▸ Listed records
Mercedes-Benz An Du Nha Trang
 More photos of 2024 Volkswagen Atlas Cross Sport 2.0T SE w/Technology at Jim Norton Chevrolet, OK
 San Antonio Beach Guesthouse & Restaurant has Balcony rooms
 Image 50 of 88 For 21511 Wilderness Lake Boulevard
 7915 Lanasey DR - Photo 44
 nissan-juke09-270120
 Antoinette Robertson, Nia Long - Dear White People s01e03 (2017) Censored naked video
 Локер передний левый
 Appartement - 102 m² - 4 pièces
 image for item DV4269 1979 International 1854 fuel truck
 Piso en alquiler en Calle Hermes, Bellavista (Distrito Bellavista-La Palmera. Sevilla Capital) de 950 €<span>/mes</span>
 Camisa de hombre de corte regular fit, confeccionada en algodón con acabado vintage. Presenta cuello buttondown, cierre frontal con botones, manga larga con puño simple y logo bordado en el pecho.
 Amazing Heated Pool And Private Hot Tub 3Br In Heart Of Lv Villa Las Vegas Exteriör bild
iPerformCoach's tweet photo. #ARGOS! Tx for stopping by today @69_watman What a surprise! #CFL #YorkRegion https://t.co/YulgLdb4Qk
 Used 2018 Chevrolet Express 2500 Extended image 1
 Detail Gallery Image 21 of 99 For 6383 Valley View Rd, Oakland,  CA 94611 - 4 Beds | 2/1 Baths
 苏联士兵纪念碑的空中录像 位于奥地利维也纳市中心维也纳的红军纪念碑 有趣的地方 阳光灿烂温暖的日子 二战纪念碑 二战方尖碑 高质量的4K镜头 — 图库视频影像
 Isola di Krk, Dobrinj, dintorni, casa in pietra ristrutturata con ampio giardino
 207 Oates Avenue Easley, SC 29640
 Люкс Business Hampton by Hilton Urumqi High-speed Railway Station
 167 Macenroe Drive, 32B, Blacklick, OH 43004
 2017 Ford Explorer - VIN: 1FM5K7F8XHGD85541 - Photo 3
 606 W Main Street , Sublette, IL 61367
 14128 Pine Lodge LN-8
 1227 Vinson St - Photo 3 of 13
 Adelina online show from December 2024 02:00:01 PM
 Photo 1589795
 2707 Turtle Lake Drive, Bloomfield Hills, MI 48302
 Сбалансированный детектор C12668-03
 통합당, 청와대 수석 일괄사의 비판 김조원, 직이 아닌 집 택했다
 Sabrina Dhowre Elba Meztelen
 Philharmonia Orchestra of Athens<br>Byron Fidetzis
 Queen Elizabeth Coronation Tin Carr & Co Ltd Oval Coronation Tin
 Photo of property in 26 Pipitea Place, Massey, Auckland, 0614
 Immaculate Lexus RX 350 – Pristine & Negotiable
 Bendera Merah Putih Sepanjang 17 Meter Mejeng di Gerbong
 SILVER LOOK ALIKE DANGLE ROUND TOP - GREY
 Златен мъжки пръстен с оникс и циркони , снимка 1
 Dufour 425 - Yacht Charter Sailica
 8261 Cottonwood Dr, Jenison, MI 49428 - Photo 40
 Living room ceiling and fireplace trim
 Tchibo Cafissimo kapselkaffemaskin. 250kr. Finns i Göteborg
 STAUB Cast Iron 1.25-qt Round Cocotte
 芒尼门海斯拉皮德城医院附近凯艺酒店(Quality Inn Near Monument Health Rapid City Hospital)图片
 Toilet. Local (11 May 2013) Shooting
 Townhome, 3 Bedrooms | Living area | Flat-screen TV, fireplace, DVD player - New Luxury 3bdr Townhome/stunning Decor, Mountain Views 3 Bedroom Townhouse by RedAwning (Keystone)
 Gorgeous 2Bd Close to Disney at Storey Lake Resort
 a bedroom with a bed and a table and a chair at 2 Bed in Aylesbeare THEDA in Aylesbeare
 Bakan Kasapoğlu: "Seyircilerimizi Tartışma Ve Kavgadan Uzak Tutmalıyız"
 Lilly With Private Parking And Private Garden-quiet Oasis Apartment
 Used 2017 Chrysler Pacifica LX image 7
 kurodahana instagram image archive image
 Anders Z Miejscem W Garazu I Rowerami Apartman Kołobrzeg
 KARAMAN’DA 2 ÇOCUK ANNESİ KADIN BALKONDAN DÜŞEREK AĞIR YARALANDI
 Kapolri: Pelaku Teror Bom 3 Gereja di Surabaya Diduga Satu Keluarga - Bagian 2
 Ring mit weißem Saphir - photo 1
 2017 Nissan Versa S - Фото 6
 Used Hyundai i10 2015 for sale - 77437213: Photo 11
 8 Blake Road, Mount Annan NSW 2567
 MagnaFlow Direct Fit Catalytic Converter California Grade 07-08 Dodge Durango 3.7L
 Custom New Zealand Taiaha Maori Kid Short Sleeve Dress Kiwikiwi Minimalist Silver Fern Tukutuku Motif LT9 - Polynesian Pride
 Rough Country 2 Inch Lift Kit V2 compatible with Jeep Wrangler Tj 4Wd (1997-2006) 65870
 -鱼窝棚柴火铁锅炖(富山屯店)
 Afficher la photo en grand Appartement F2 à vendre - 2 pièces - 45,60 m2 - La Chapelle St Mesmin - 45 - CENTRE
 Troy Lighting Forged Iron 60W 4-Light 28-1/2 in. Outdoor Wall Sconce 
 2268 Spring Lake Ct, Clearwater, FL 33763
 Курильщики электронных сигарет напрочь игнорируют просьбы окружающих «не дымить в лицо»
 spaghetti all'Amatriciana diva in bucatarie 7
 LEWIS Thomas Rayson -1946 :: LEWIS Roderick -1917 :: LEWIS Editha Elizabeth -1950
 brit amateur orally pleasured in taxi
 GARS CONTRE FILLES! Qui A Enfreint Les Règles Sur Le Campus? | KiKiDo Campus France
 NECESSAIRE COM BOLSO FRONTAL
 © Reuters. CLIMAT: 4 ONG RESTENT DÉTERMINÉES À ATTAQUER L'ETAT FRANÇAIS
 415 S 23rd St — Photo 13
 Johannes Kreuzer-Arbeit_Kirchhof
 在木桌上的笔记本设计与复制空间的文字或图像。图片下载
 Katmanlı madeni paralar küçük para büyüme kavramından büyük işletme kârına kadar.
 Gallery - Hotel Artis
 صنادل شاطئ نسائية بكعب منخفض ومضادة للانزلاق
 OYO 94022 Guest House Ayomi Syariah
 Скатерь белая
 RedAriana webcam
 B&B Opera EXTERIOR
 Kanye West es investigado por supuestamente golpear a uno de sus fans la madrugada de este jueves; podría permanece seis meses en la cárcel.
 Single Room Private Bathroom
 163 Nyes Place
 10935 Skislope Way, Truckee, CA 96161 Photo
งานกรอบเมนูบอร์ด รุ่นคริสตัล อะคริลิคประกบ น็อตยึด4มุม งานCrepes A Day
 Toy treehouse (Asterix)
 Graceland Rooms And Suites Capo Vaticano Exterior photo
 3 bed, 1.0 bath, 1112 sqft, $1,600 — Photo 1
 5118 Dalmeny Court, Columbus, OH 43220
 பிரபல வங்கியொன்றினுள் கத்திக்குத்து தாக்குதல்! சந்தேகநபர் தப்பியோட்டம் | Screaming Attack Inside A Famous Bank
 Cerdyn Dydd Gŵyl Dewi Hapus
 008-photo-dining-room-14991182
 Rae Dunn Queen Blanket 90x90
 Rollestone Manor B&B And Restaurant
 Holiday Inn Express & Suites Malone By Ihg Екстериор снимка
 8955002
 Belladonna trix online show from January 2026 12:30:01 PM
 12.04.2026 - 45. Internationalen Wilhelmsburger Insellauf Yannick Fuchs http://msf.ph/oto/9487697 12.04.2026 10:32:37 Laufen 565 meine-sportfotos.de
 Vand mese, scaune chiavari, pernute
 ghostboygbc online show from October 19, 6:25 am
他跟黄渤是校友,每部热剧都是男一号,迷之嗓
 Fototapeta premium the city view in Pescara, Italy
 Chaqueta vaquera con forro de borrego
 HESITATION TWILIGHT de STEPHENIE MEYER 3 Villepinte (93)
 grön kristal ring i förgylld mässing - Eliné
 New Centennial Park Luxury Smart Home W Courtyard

▸ What the exercise asks
Could you retype exactly the lines above, starting at the line that contains "Златен мъжки пръстен" and ending at the line that contains "Gorgeous 2Bd Close", and nothing more?

▸ Answer below
 Златен мъжки пръстен с оникс и циркони , снимка 1
 Dufour 425 - Yacht Charter Sailica
 8261 Cottonwood Dr, Jenison, MI 49428 - Photo 40
 Living room ceiling and fireplace trim
 Tchibo Cafissimo kapselkaffemaskin. 250kr. Finns i Göteborg
 STAUB Cast Iron 1.25-qt Round Cocotte
 芒尼门海斯拉皮德城医院附近凯艺酒店(Quality Inn Near Monument Health Rapid City Hospital)图片
 Toilet. Local (11 May 2013) Shooting
 Townhome, 3 Bedrooms | Living area | Flat-screen TV, fireplace, DVD player - New Luxury 3bdr Townhome/stunning Decor, Mountain Views 3 Bedroom Townhouse by RedAwning (Keystone)
 Gorgeous 2Bd Close to Disney at Storey Lake Resort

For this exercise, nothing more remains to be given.